Theatrical release poster
|Directed by||Izu Ojukwu|
|Produced by||Adonaijah Owiriwa |
|Screenplay by||Emmanuel Okomanyi|
|Edited by||Emeka Ojukwu|
|Budget||₦600 million |
’76, formerly Lions of ’76, is a 2016 Nigerian historical fiction drama film directed by Izu Ojukwu and produced by Adonaijah Owiriwa and Izu Ojukwu. It stars Ramsey Nouah, Chidi Mokeme, Rita Dominic, and Ibinabo Fiberesima.
Set six years after the civil war, a young officer from the Middle Belt gets into a romantic relationship with an O-level student from the South-eastern region. However, their relationship is strained by constant military postings. The soldier gets accused of being involved in the unsuccessful 1976 military coup and assassination of General Murtala Mohammed, and the heavily pregnant wife gets entangled in an emotional dilemma.

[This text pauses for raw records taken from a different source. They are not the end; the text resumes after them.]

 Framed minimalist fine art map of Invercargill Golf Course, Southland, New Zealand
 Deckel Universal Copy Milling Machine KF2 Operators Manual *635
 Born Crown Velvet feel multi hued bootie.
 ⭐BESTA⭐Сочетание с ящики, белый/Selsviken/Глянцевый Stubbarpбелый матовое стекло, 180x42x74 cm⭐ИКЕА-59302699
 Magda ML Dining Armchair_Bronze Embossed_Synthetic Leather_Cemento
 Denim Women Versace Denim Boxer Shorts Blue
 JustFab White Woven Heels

The historical account in ’76 went through a seven-month approval period at the Nigerian Military before filming started. The film, which is set in the 1970s, was shot in Ibadan, Oyo. The film, which was shot on 16-millimeter film with an Arriflex 416 camera, was in production for about five years.
Set six years after the civil war, a young officer from the Middle Belt, Joseph Dewa, gets into a romantic relationship with an O-level student, Suzanne, from the South-eastern region. However, their relationship is strained by constant military postings and Suzanne's family who constantly complained of not wanting to have anything to do with Joseph's people.
In a series of event that followed and betrayal of trust from Joseph's friend, Gomos, Joseph gets accused of being involved in the unsuccessful 1976 military coup and assassination of General Murtala Mohammed. His release will be based on his innocence by producing his Identity Card, of which he couldn't.
Suzanne went through a lot of emotional pains, coupled with the delivery of a baby girl. She eventually did everything she could to prove his husband's innocence. Joseph wasn't executed, but was dismissed from the army.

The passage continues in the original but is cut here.